• What you are asked to do:
The required output is every line from the beginning of the entries below through the line that includes "As you can see at", copied exactly.

*** Data shown Section Begins ***

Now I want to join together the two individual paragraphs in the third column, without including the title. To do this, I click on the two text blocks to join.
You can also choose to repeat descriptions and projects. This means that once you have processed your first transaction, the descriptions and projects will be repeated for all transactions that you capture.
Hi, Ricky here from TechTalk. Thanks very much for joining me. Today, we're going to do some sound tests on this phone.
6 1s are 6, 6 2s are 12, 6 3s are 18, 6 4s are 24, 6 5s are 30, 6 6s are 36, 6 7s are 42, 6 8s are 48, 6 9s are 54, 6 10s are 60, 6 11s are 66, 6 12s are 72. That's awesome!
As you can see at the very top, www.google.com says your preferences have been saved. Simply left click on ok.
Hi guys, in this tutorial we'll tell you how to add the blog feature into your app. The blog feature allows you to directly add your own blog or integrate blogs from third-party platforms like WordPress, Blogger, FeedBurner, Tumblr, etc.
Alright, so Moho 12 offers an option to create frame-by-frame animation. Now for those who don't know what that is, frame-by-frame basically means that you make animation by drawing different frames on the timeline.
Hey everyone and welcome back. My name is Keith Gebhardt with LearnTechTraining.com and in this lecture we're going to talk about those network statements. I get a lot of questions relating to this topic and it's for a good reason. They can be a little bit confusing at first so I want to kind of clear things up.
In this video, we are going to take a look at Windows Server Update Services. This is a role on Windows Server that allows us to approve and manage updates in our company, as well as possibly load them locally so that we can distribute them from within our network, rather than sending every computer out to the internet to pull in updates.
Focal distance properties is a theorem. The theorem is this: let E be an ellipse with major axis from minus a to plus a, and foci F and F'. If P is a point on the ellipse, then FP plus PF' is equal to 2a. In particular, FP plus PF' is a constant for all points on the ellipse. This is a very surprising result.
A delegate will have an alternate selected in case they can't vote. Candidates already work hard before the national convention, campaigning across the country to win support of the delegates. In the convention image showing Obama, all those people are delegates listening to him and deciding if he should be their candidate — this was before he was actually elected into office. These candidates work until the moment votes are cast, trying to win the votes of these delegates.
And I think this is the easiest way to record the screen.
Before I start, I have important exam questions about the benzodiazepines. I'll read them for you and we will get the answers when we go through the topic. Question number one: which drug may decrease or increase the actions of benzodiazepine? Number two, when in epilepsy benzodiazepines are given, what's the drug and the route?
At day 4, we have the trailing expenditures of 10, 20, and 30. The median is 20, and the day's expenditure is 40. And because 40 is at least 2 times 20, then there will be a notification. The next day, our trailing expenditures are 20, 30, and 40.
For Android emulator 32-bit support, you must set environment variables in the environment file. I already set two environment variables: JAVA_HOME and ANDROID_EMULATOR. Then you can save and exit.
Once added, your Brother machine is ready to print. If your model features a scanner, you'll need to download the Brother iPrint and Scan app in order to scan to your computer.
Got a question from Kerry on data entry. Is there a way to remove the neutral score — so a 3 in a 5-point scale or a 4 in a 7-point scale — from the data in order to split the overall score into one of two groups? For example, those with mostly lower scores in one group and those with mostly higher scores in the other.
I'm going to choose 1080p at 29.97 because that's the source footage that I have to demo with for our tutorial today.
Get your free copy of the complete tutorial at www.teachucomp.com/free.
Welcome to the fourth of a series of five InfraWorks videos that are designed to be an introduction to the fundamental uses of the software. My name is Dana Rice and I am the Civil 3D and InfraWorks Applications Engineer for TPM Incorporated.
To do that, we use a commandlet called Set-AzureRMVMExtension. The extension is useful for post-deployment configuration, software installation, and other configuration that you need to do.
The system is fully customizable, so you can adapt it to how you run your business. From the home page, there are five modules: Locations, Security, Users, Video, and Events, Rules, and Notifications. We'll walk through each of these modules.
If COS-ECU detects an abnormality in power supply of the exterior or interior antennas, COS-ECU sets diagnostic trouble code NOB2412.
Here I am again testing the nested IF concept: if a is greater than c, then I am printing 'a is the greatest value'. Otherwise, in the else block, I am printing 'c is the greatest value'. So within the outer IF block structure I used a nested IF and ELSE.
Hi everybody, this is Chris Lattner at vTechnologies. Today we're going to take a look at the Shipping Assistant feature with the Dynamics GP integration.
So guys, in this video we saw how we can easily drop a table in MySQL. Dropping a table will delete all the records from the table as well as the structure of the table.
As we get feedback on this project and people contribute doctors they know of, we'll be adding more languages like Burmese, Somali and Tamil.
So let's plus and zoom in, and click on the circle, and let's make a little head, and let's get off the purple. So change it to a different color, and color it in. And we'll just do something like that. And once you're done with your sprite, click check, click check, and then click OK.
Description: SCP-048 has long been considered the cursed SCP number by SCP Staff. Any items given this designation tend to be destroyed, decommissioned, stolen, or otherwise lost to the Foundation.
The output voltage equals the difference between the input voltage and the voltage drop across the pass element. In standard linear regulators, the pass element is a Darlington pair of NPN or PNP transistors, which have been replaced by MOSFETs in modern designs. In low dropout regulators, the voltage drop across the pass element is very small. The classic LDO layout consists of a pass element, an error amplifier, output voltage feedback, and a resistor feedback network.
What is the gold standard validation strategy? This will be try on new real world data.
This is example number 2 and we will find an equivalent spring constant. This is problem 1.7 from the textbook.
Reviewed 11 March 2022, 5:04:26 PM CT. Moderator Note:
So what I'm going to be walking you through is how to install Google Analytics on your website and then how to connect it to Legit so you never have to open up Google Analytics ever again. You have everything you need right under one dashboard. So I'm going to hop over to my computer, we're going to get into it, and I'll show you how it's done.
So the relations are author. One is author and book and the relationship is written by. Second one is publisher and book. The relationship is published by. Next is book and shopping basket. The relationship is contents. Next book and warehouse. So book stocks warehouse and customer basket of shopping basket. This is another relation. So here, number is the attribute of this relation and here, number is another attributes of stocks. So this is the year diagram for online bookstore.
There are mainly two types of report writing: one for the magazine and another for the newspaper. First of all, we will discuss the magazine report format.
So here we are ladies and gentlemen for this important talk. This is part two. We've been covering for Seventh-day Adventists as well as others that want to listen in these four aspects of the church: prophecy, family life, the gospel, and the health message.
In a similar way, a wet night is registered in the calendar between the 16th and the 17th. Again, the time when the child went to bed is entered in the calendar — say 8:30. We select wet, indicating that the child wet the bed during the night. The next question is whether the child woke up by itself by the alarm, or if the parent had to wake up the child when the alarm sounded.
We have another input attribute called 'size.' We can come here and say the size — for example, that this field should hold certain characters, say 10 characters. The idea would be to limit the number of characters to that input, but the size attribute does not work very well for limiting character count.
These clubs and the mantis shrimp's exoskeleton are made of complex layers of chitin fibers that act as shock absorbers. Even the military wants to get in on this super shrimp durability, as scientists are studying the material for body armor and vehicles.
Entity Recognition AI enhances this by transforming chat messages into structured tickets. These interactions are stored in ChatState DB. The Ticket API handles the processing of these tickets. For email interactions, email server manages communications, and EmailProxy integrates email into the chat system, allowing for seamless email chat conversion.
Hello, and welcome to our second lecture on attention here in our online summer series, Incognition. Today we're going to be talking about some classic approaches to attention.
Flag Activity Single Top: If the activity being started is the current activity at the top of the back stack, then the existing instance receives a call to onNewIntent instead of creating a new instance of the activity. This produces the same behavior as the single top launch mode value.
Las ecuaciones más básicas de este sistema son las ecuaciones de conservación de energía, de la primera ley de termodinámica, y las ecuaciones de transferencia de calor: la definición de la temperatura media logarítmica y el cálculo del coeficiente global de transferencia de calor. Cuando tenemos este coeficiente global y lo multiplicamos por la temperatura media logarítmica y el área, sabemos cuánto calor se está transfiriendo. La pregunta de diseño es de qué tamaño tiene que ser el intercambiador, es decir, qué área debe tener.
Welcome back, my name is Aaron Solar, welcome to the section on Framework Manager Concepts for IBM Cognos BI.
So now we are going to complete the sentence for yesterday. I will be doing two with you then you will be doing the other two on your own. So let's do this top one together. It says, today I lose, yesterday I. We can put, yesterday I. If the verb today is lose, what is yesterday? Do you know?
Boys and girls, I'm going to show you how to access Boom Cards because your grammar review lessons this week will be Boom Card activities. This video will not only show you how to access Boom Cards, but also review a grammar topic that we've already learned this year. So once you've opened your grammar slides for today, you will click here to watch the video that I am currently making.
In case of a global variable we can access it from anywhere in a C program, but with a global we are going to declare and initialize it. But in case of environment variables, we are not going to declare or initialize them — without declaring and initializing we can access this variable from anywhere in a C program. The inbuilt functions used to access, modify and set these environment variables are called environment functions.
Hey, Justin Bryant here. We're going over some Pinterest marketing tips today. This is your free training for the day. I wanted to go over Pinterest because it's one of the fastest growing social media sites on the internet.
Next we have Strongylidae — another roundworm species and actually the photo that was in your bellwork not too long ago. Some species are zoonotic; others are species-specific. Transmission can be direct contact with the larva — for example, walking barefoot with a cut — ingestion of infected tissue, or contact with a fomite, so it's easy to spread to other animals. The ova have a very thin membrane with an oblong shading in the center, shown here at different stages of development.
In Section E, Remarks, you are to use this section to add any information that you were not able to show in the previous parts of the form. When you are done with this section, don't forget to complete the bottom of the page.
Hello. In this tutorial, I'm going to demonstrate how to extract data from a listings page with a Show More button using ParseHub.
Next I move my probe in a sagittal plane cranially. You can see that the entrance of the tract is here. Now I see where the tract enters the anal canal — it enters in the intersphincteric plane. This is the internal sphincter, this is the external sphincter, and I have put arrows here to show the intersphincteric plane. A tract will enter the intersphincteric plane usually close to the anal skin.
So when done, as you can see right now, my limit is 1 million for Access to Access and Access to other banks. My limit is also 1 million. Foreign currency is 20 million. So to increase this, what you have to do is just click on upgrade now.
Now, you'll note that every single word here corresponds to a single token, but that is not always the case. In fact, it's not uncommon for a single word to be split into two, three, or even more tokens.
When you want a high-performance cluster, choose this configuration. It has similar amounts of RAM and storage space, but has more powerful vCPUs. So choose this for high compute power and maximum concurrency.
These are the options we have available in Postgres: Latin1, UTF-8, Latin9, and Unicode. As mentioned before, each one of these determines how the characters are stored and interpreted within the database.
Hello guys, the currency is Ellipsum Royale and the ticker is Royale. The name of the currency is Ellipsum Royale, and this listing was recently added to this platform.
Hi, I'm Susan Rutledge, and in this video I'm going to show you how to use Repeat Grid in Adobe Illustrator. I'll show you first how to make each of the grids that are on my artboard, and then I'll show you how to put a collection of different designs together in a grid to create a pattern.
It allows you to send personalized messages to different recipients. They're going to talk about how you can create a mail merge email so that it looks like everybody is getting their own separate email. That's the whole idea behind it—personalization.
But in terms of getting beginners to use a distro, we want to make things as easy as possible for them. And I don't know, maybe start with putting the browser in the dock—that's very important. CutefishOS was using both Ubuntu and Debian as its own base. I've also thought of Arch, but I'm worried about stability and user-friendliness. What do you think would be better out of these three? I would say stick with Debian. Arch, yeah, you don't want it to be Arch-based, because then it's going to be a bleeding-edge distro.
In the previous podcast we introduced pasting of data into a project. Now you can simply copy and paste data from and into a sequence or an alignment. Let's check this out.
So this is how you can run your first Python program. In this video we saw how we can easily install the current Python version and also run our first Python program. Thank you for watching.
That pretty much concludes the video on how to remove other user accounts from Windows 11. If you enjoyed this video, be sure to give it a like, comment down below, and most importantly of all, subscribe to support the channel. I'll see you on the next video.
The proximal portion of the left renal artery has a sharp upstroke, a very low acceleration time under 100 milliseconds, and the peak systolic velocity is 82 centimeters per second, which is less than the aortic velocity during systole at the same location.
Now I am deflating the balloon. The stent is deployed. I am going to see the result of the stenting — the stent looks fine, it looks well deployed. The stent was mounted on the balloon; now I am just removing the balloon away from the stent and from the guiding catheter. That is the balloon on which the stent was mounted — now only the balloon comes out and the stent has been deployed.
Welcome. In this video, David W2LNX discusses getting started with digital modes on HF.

*** Data shown Section Ends ***

• Result of this exercise:
Now I want to join together the two individual paragraphs in the third column, without including the title. To do this, I click on the two text blocks to join.
You can also choose to repeat descriptions and projects. This means that once you have processed your first transaction, the descriptions and projects will be repeated for all transactions that you capture.
Hi, Ricky here from TechTalk. Thanks very much for joining me. Today, we're going to do some sound tests on this phone.
6 1s are 6, 6 2s are 12, 6 3s are 18, 6 4s are 24, 6 5s are 30, 6 6s are 36, 6 7s are 42, 6 8s are 48, 6 9s are 54, 6 10s are 60, 6 11s are 66, 6 12s are 72. That's awesome!
As you can see at the very top, www.google.com says your preferences have been saved. Simply left click on ok.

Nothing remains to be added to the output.